▸ **INFORMATION PROVIDED**:
▬▬▬
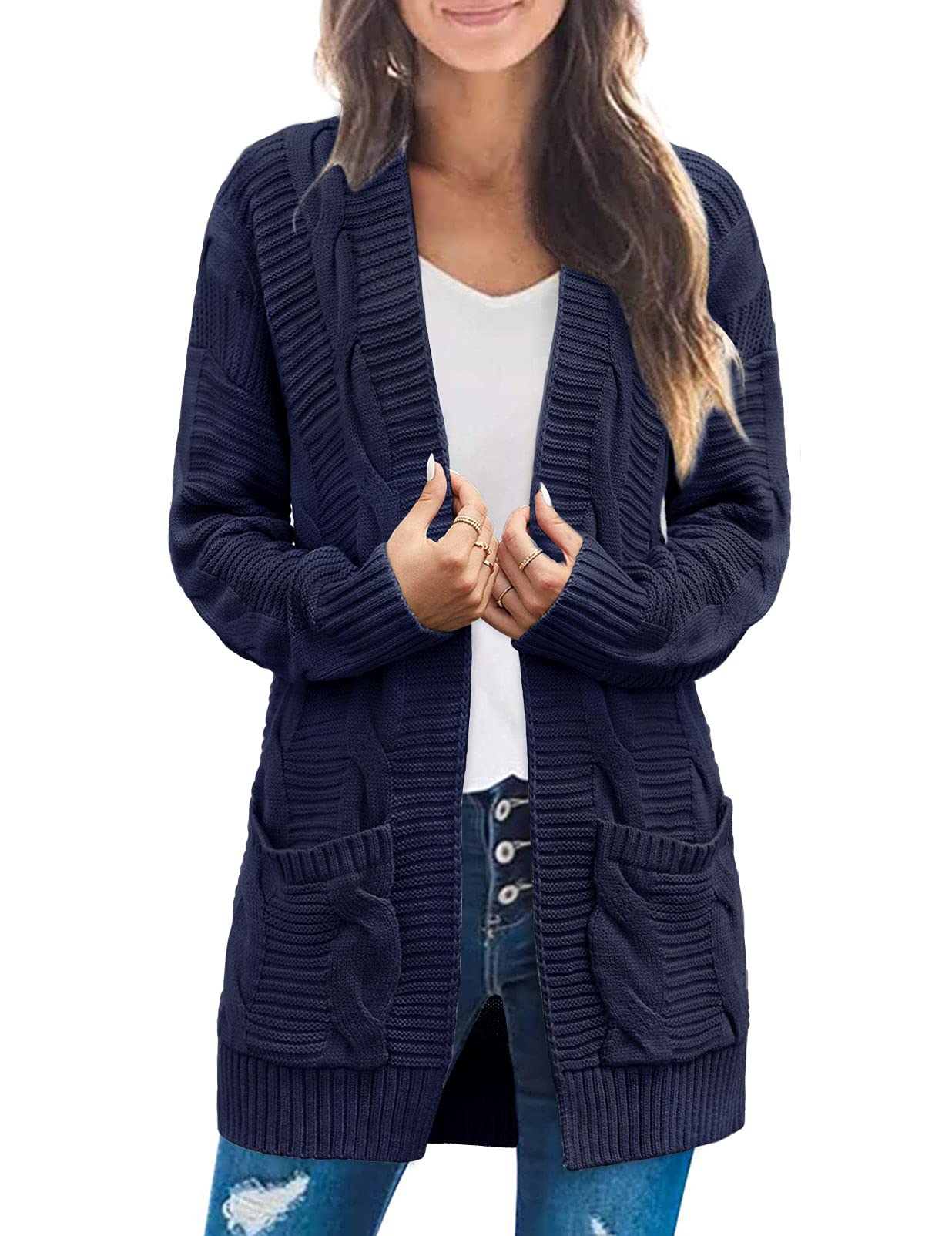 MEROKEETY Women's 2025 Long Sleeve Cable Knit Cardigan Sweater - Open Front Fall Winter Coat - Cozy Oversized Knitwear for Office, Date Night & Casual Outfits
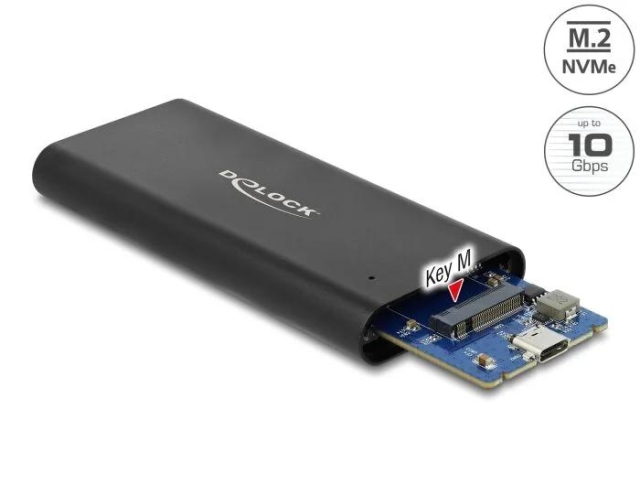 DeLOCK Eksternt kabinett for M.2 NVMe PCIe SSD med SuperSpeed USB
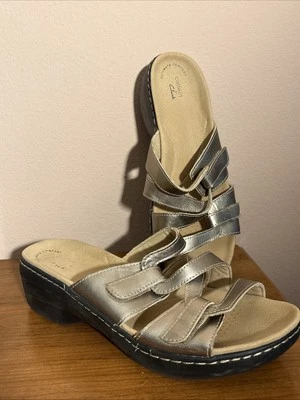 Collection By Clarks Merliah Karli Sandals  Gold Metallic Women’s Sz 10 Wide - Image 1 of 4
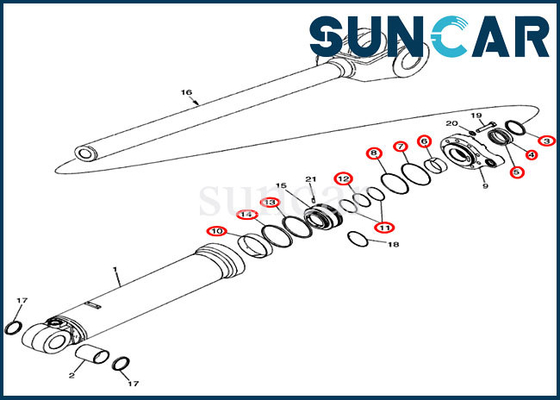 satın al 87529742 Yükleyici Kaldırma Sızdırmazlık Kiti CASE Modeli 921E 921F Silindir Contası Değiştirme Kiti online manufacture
▬▬▬
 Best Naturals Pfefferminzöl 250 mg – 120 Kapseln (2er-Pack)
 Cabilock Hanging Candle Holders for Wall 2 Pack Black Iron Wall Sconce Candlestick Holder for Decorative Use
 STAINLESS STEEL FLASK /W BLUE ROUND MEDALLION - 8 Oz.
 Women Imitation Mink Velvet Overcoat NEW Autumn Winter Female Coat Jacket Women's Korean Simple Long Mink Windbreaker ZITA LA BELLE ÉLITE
▬▬▬
▸ **TASK STATEMENT**:
In the data above, retype exactly and only the lines between the one holding "STAINLESS STEEL FLASK" and the one holding "Women Imitation Mink", inclusive.

▸ **REPLY**:
 STAINLESS STEEL FLASK /W BLUE ROUND MEDALLION - 8 Oz.
 Women Imitation Mink Velvet Overcoat NEW Autumn Winter Female Coat Jacket Women's Korean Simple Long Mink Windbreaker ZITA LA BELLE ÉLITE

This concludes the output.